Authentication is a basic security requirement for any computing environment. In simple terms, users and services must prove their identity (authenticate) to the system before they can use system features. Kerberos provides strong authentication which is used in the exchange between requesting user or process and service during authentication. When a user authenticates to a particular Hadoop component, the user’s Kerberos principal is presented. The principal is presented in the form user@REALM. The Kerberos principal is mapped [1] to a short name after authentication.

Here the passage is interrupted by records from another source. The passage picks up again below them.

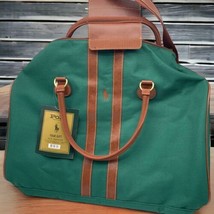 Vintage Polo Ralph Lauren Duffle Bag Elite Traveler Strap Green Brown 20... - £63.69 GBP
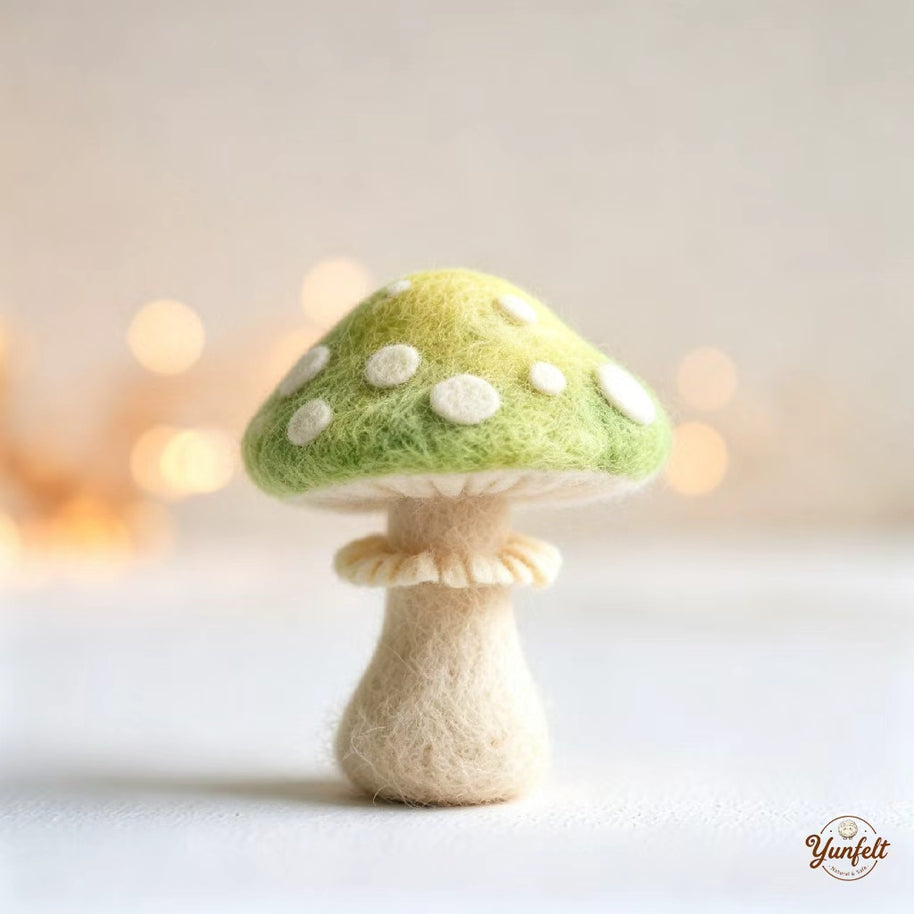 Handmade Wool Felt Green Spotted Mushroom Figurine – Fairy Tale Desk Decor Gift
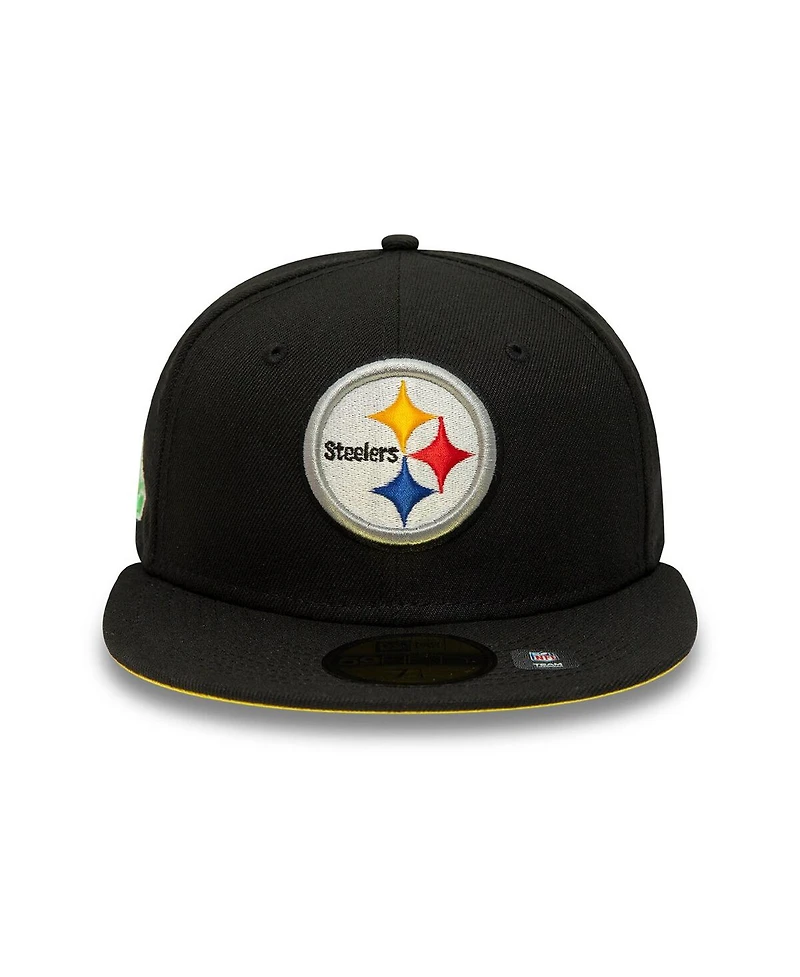 Men's New Era Black Pittsburgh Steelers Super Bowl Xl Citrus Pop 59FIFTY Fitted Hat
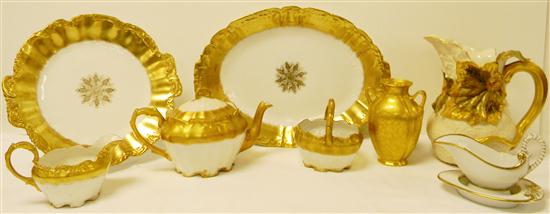 Gilt and ivory porcelain including:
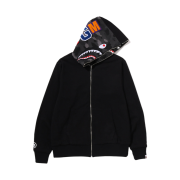BAPE Color Camo Reversible Shark Full Zip Hoodie Black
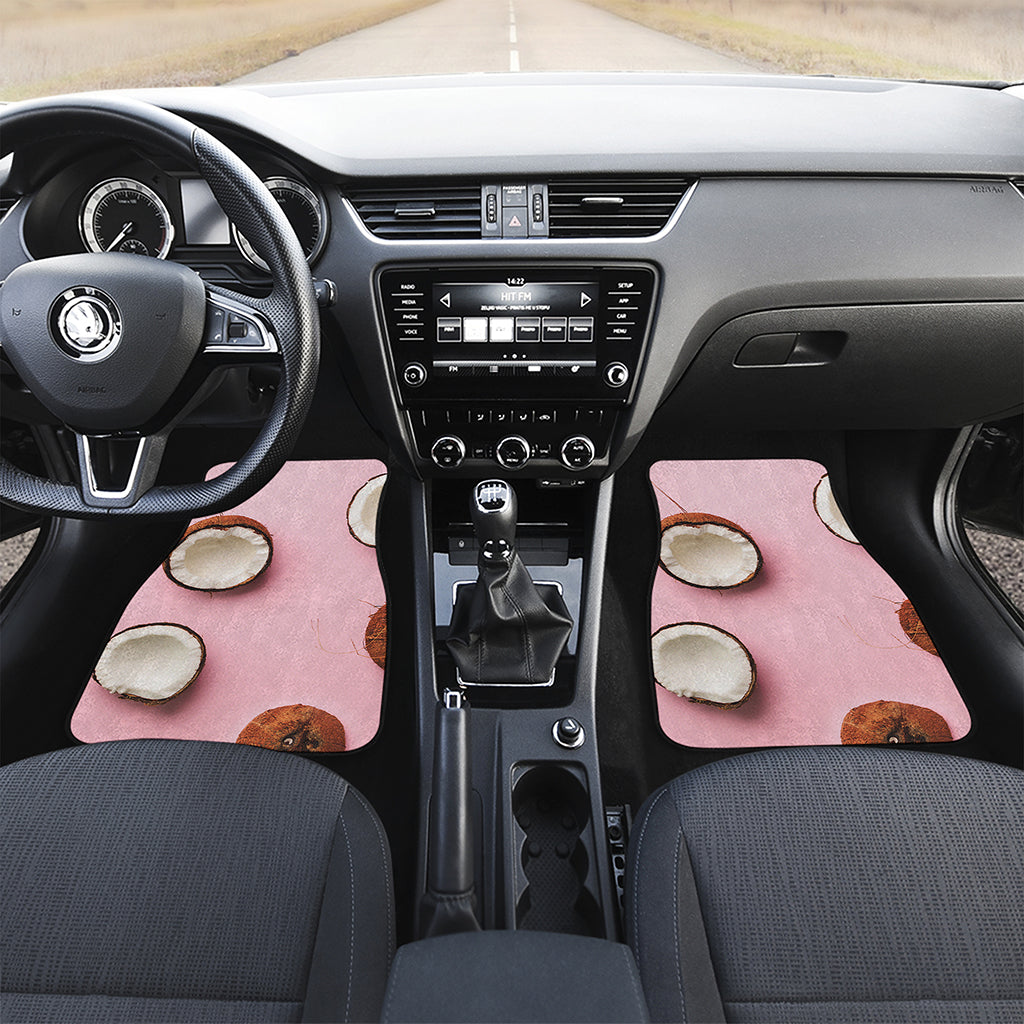 Pink Coconut Pattern Print Front Car Floor Mats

For example:
user@EXAMPLE.COM --> user
This local user has to be available at the operating system level for both authentication and authorization. Authentication and authorization work hand-in-hand to protect system resources. Authorization is the function of configuring access privileges to services which can be handled in many different ways, from access control lists (ACLs), HDFS extended ACLs, to role-based access control (RBAC) using Apache Sentry or Apache Ranger. These share one commonality: the group membership of the related user has to be known to have access to these methods.
Therefore, consistent group mapping is crucial across the cluster. Each host that belongs to a Cloudera cluster runs an operating system. There are two types of users which are available at the operating system level: service users (yarn, hdfs, etc.) and non-service users. Cloudera recommends that the service users be local users and the non-service users are in LDAP-compliant identity/directory services, such as OpenLDAP or Microsoft Active Directory.
Similarly, when YARN jobs run on the cluster, they are protected from each other by running as the submitting user, thus leveraging Linux’s native process isolation capabilities. The executing user must therefore be available in order for YARN jobs to run in that user’s context. Enabling Kerberos within a cluster activates this security and isolation feature of Hadoop.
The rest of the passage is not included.